WHAT TO PRODUCE — All entries below must be retyped exactly, though pictures are to be skipped.

THE RECORDS —

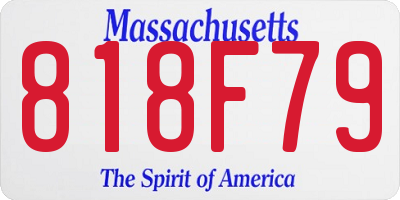 MA license plate 818F79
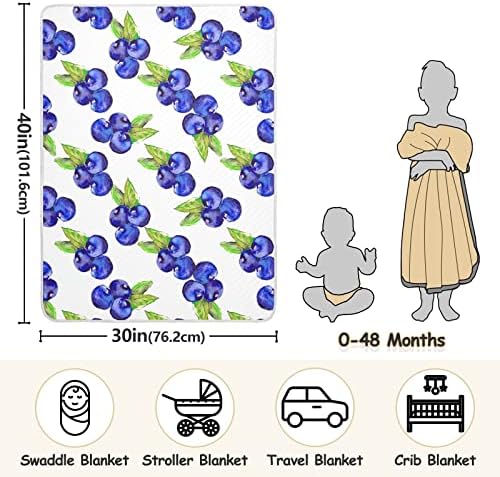 Акварел боровинки Унисекс меки бебешки ќебе за креветчето за креветчето за дневно згрижување со густо и меко материјално безбедносно ќебе за патнички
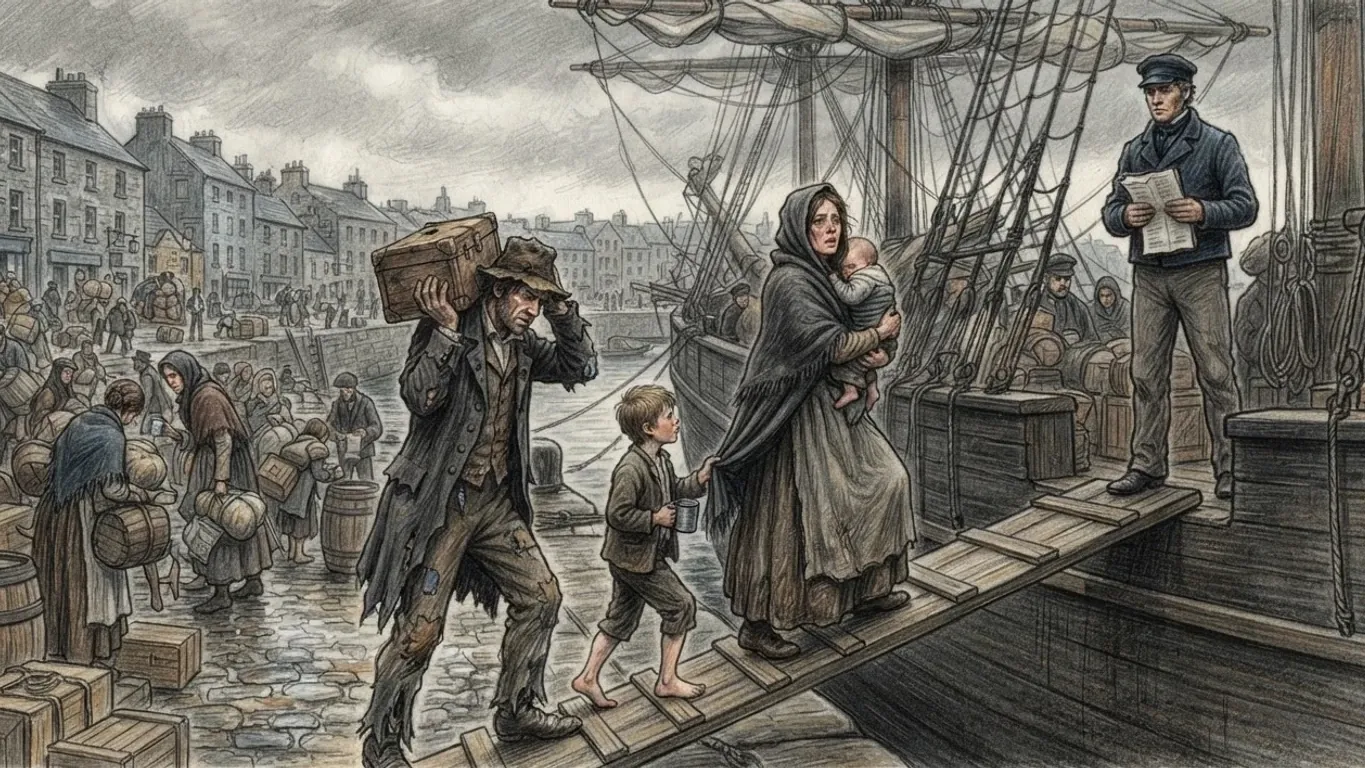 A coloured pencil drawing of a wet quay in 1847, a ragged father carrying a wooden trunk up a gangplank followed by a barefoot boy and a mother in a shawl holding a baby, a ship's mate with a list at the top and crowds with bundles and barrels along the harbour behind.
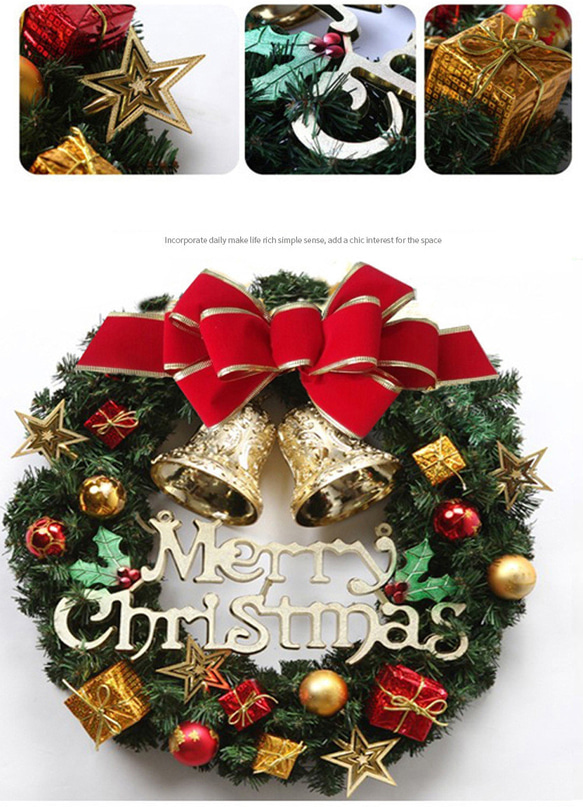 [早割クリスマス2023]クリスマスリース 玄関 ダブルベルクリスマスプレゼント Christmas wreath 4枚目の画像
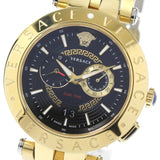 Versace V-Race Quartz Black Dial Gold Steel Strap Watch For Men - VEBV00519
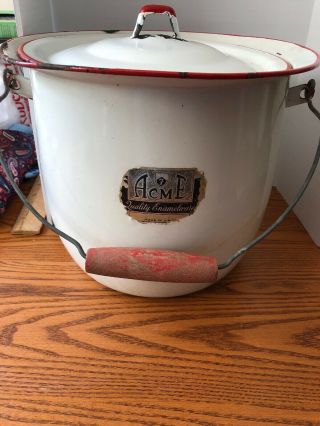 Vintage Porcelain Enamelware Bucket Pail With Lid Handle White W/ Red Trim Label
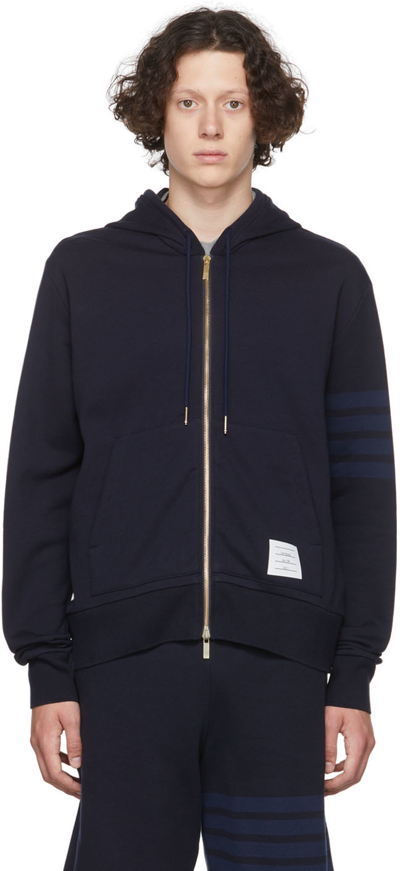 Thom Browne Cotton Jersey Zipped Hoodie In Blue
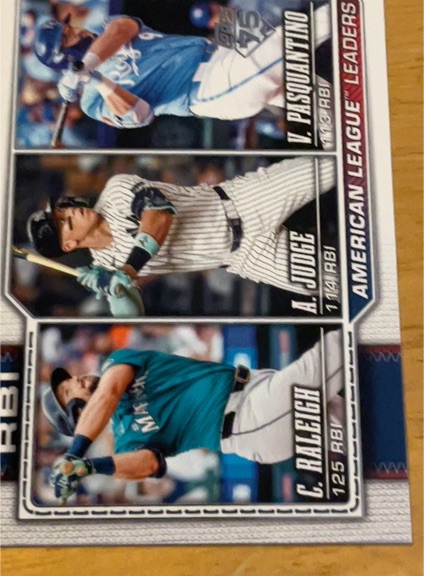 2026 Topps #211 Cal Raleigh / Aaron Judge / Vinnie Pasquantino RBI Leaders — front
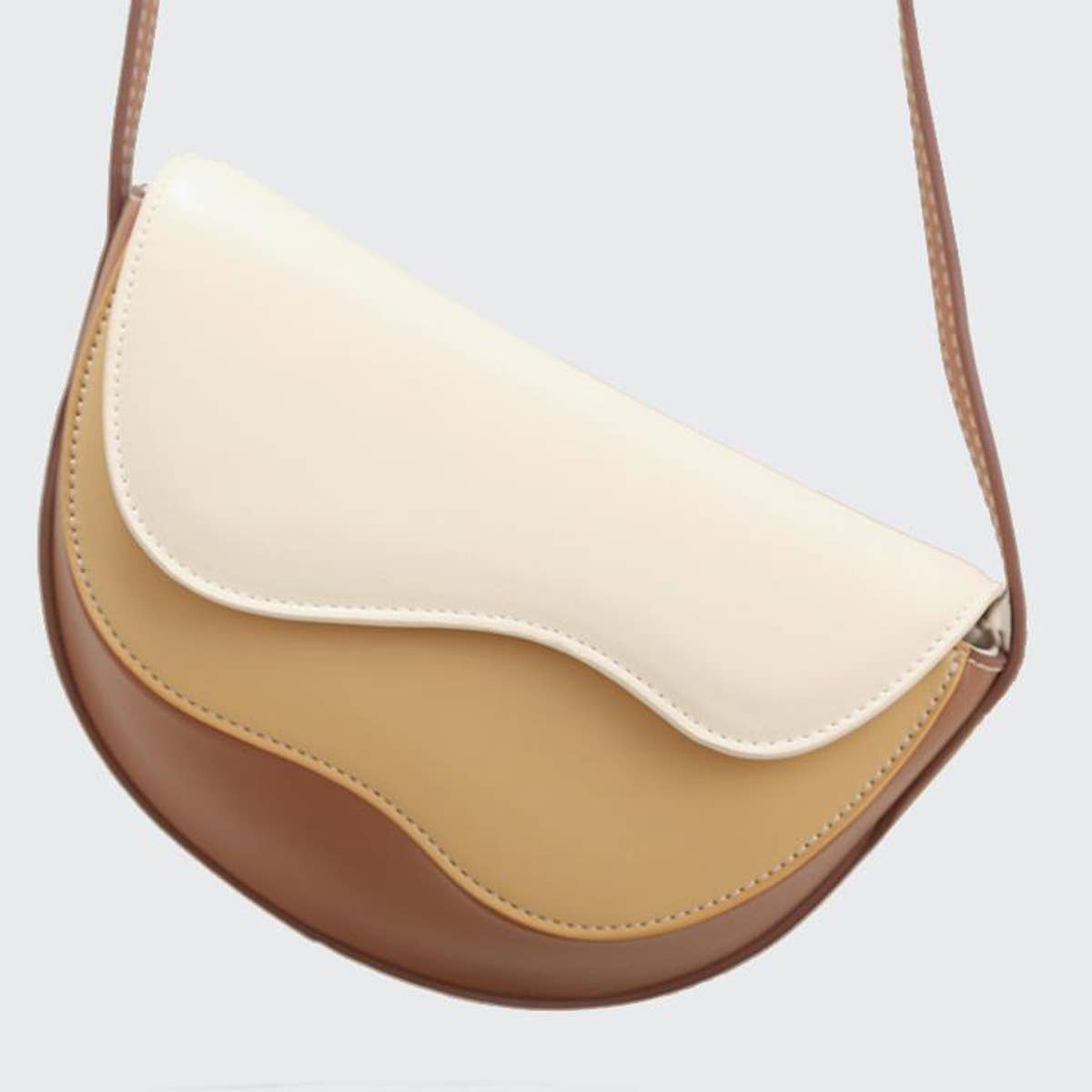 CURVED WAVE CONTRAST COLOR CROSSBODY SADDLE BAG_CWAB1894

REPLY —
 MA license plate 818F79
 Акварел боровинки Унисекс меки бебешки ќебе за креветчето за креветчето за дневно згрижување со густо и меко материјално безбедносно ќебе за патнички
 A coloured pencil drawing of a wet quay in 1847, a ragged father carrying a wooden trunk up a gangplank followed by a barefoot boy and a mother in a shawl holding a baby, a ship's mate with a list at the top and crowds with bundles and barrels along the harbour behind.
 [早割クリスマス2023]クリスマスリース 玄関 ダブルベルクリスマスプレゼント Christmas wreath 4枚目の画像
 Versace V-Race Quartz Black Dial Gold Steel Strap Watch For Men - VEBV00519
 Vintage Porcelain Enamelware Bucket Pail With Lid Handle White W/ Red Trim Label
 Thom Browne Cotton Jersey Zipped Hoodie In Blue
 2026 Topps #211 Cal Raleigh / Aaron Judge / Vinnie Pasquantino RBI Leaders — front
 CURVED WAVE CONTRAST COLOR CROSSBODY SADDLE BAG_CWAB1894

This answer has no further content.